Questo monologo è davvero bellissimo, tra l’altro adattato perfettamente dai nostri doppiatori italiani che riescono sempre a trovare le parole giuste per regalarci queste perle di sceneggiatura.
Il monologo è perfetto anche perchè qualche scena prima abbiamo già avuto prova del carattere del personaggio interpretato da Robin Williams, la sceneggiatura ci ha già dato prova del suo dolore e del rapporto che molto probabilmente aveva con la moglie, abbiamo capito che era un uomo che era stato tradito dalla vita, ma che non si era pentito di affidarsi all’amore.
Robin Williams è un valore aggiunto perchè riesce a dare la giusta espressione a queste parole, la giusta cadenza e frequenza per entrarti nel cuore, ci smuovono e ci fanno riflettere.
Questo monologo è collocato bene sia a livello temporale nella storia che a livello fisico nella tranquillità di un parco su una panchina, un luogo di pace in cui è più facile essere profondi e arriva nel punto in cui Sean deve per forza e in qualche modo smuovere quella stupida corazza che si è costruito Will.
In questo modo le parole acquistano più valore, più significato e ci sembrano ancora più perfette, c’è un anticipo, un prologo, poi c’è luogo giusto e il momento adatto all’interno della storia per essere pronunciate.
Segnano una svolta all’interno della storia e per i personaggi, tutti e due capiscono che parlare potrebbe fare bene a entrambi, capiscono che in fondo entrambi hanno bisogno di sfogarsi e ci da indizi sui protagonisti.
Capiamo la profondità dello psicologo Sean e vediamo e impariamo che Will non è solo un ribelle chiuso in se stesso, anzi è un ragazzo che sa anche fermarsi e ascoltare e perchè no apprendere qualcosa.
Questo è un paio di altri dialoghi sono talmente importanti che delineano non solo il carattere di Will ma ne tracciano pesantemente anche il futuro, tanto che le sue scelte di vita saranno guidate dalle parole di Sean. Chissà se qualcuno nella vita oltre a Will è stato anche lui condizionato da queste parole, chissà se ha imparato qualcosa.
Il resto dei dialoghi sono evoluzione di un rapporto che si crea tra Will e Sean, come se fossero quasi padre e figlio, un uomo esperto che insegna al giovane quando bello può essere l’amore.
Ci sono dei dialoghi stupendi in cui Sean parla di sua moglie e dei momenti belli e divertenti con lei, uno addirittura improvvisato da Robin Williams che è allo stesso tempo divertente quanto malinconico, recitazione meravigliosa.
Quando ci sono dialoghi del genere anche per l’attore è più facile entrare nel personaggio, recitare ed esprimere il meglio delle sue possibilità, una buona sceneggiatura aiuta proprio tutti, perchè tutto si incastra perfettamente, tutto sembra perfetto.

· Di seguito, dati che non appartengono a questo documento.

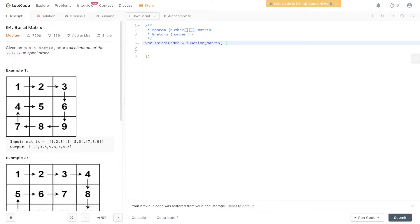Question 54 of LeetCode: Spiral Matrix. Given an n by n matrix, return all elements of the matrix in spiral order. We have a matrix of 1 through 9 and we need to return 1, 2, 3, 6, 9, 8, 7, 4, and 5. It's quite a simple question to understand but it's pretty tricky to implement.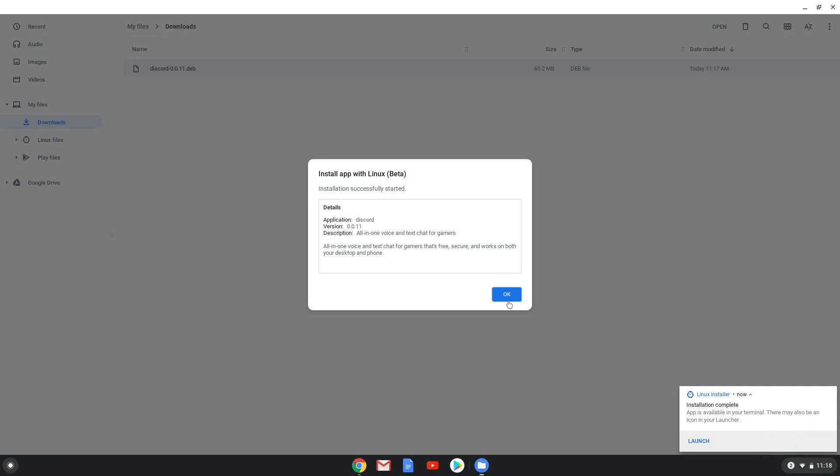Discord is now installed, as you can see. Now we need to go back to our system settings and enable audio input. You will have to do this every time before launching Discord. Let's do it now.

Le giuste parole messe al posto giusto rendono i film delle opere d’arte migliori di una poesia, perchè sono pezzi di vita, e fanno parte di tutti noi, in molti di essi ci possiamo riconoscere tranquillamente.
Questo film non è altro che un insegnamento a come vanno scritti i film incentrato sul confronto, sulla crescita personale e sulle parole, una lunga e bellissima poesia visiva.